3D printing is no longer a secret to many people in the design field (especially product and packaging). While this technology is still new, it has gotten to the point where there are some legitimate consumer options that small businesses or individuals may consider purchasing. What we’re looking to find out is is it worth it and what should I be looking for? I’m taking a dip into these questions, hope it gives you a few answers.
So first, you might be asking yourself what the advantages of buying a 3D printer are. One big advantage is the ability to truly customize objects to the way you want them represented. In today’s individual focused society many people are looking to make themselves (and the things they have) truly stand out from their mass produced generic counterparts. Another more professional and practical reason is for rendering concepts or prototypes of products or designs for presentations much more quickly and efficiently.
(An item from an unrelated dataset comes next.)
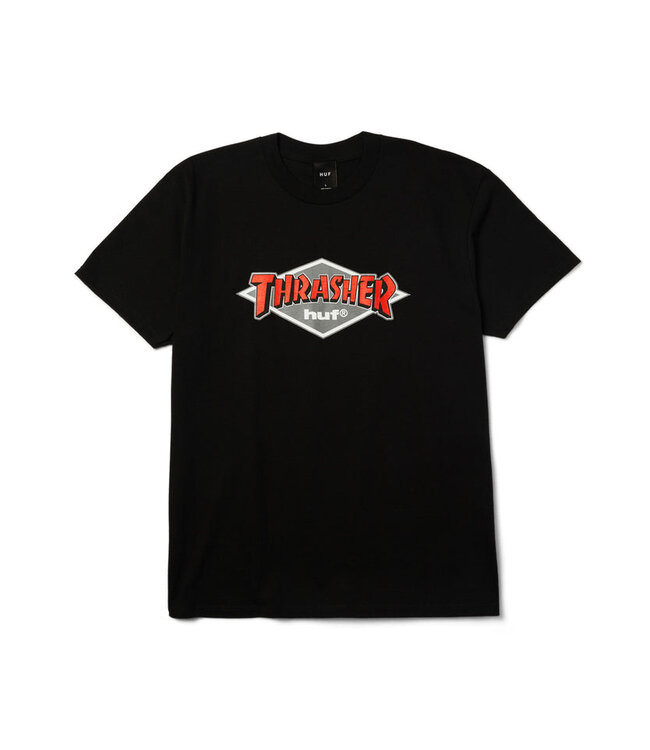 HUF X THRASHER MENS LOGO SHORT SLEEVE TEE BLACK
Turnaround times can be much more condensed when your company or you can cut out certain logistical issues like ordering molds to be cast and waiting for a manufacturer to produce and ship a prototype. Most likely these will be torn apart by a group of higher-ups or clients and need to be refined again and again anyway. Having the ability to produce models or prototypes “in-house” can prove much easier.
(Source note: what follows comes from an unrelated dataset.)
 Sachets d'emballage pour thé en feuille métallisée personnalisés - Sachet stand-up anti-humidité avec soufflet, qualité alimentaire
The downside could lie in the cost of materials to produce your designs and prototypes. Although it may take more time, when you send a prototype design off to a manufacturer they already have the materials necessary stockpiled and are able to buy in bulk so they can pass the savings onto their client (you). If you’re only producing one or two versions of your design – depending on what it is your producing – you may be forced to pay full price for materials bought on a small scale. Also, many of us have seen these incredible objects created by 3D printers and assume that if we buy a consumer level printer between $700-$2000 we will be able to produce these fantastic gems. The truth is, those examples you’ve probably seen have been produced by high-end manufacturer level 3D printers.